- **Work task**
Send each entry back exactly as given, pictures excluded.

[Stored dataset items]
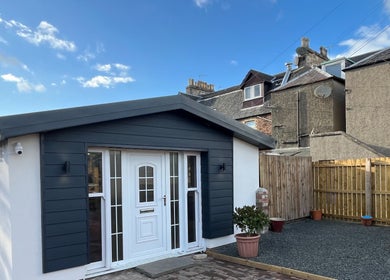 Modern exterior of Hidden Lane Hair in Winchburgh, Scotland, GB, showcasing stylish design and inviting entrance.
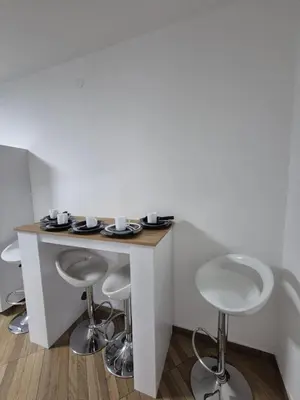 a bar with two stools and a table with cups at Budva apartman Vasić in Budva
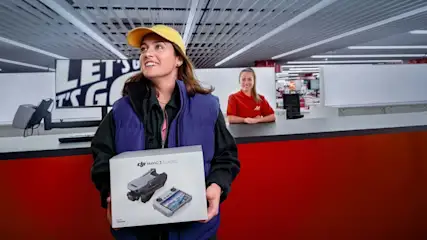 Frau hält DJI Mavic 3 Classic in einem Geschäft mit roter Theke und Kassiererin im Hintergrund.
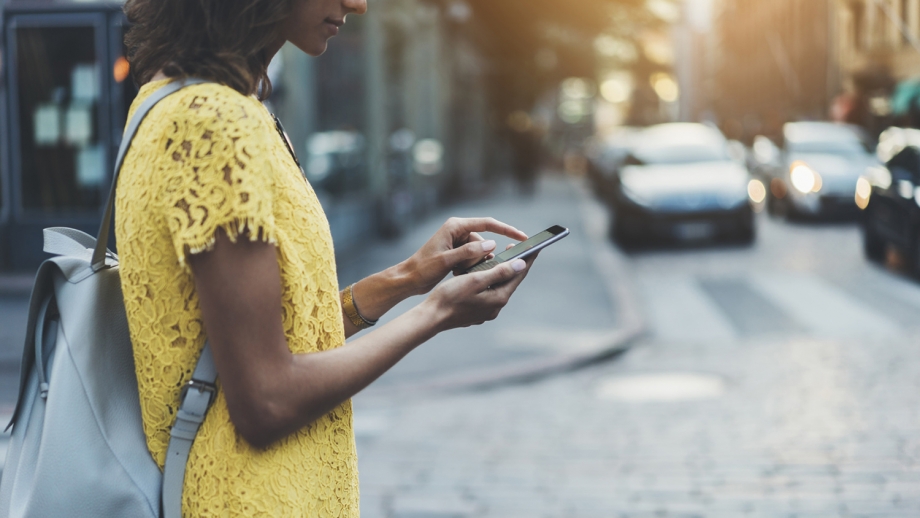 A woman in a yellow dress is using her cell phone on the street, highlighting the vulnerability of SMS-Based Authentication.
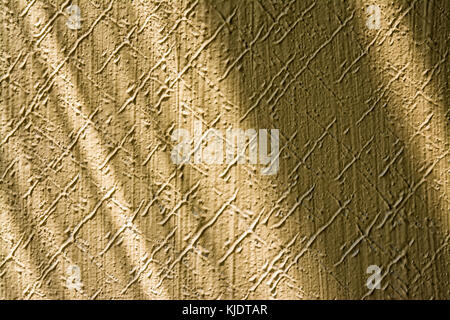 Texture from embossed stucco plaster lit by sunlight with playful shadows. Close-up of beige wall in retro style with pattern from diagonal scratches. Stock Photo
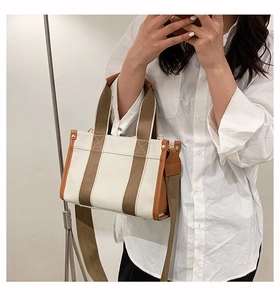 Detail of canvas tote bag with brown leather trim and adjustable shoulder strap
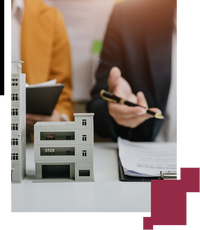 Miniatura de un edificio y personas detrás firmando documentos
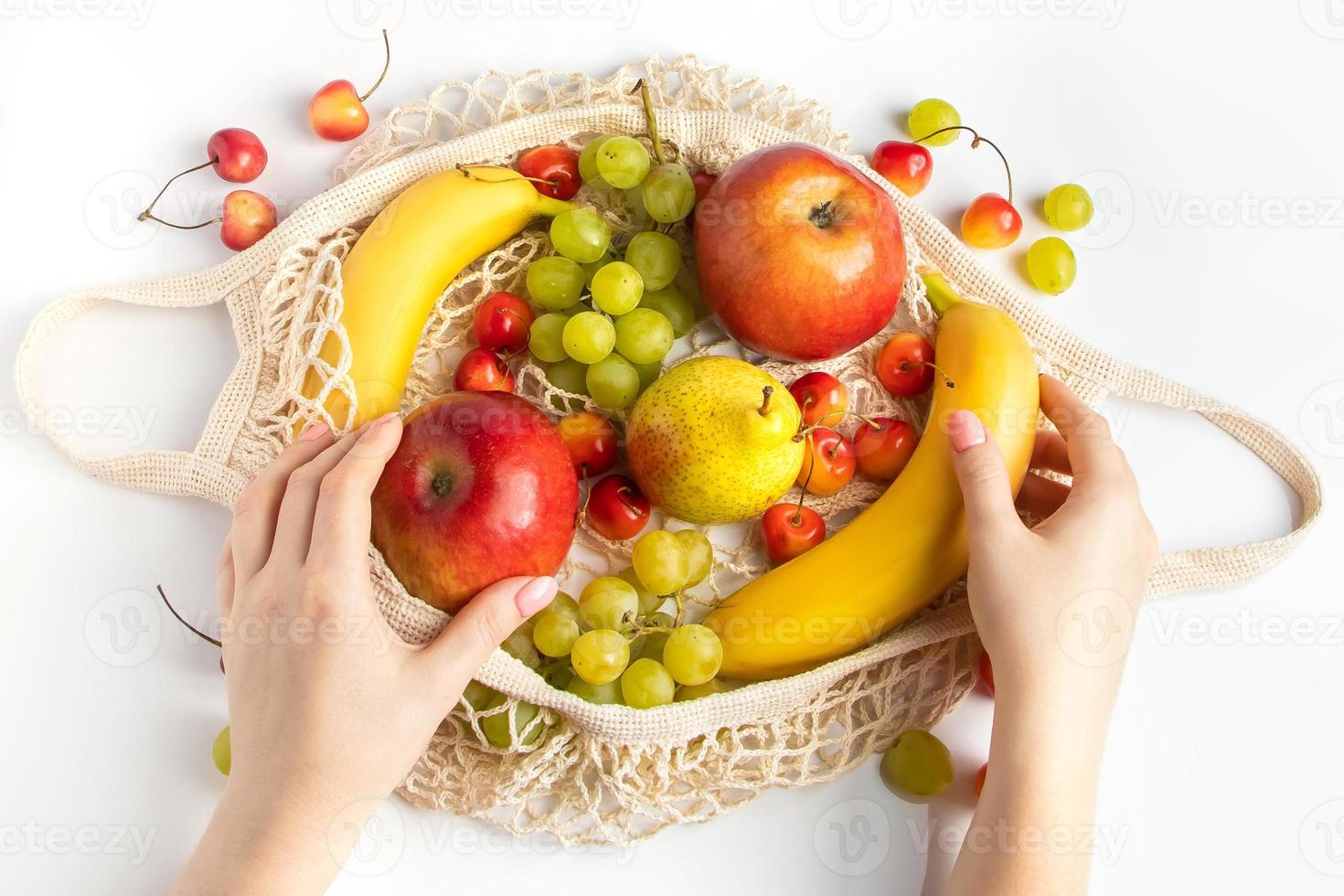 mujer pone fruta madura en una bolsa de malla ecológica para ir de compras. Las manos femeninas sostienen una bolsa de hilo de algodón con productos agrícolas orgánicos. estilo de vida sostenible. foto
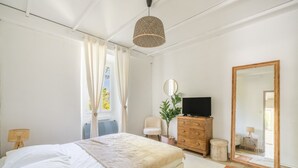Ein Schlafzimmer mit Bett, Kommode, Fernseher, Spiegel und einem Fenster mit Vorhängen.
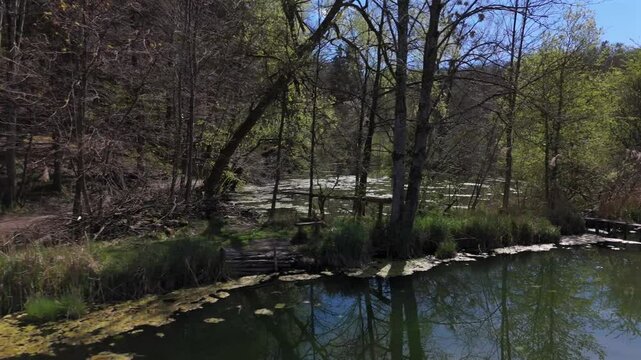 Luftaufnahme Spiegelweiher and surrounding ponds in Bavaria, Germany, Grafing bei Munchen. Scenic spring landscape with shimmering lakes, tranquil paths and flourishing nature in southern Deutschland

- **Answer for this exercise**
 Modern exterior of Hidden Lane Hair in Winchburgh, Scotland, GB, showcasing stylish design and inviting entrance.
 a bar with two stools and a table with cups at Budva apartman Vasić in Budva
 Frau hält DJI Mavic 3 Classic in einem Geschäft mit roter Theke und Kassiererin im Hintergrund.
 A woman in a yellow dress is using her cell phone on the street, highlighting the vulnerability of SMS-Based Authentication.
 Texture from embossed stucco plaster lit by sunlight with playful shadows. Close-up of beige wall in retro style with pattern from diagonal scratches. Stock Photo
 Detail of canvas tote bag with brown leather trim and adjustable shoulder strap
 Miniatura de un edificio y personas detrás firmando documentos
 mujer pone fruta madura en una bolsa de malla ecológica para ir de compras. Las manos femeninas sostienen una bolsa de hilo de algodón con productos agrícolas orgánicos. estilo de vida sostenible. foto
Ein Schlafzimmer mit Bett, Kommode, Fernseher, Spiegel und einem Fenster mit Vorhängen.
 Luftaufnahme Spiegelweiher and surrounding ponds in Bavaria, Germany, Grafing bei Munchen. Scenic spring landscape with shimmering lakes, tranquil paths and flourishing nature in southern Deutschland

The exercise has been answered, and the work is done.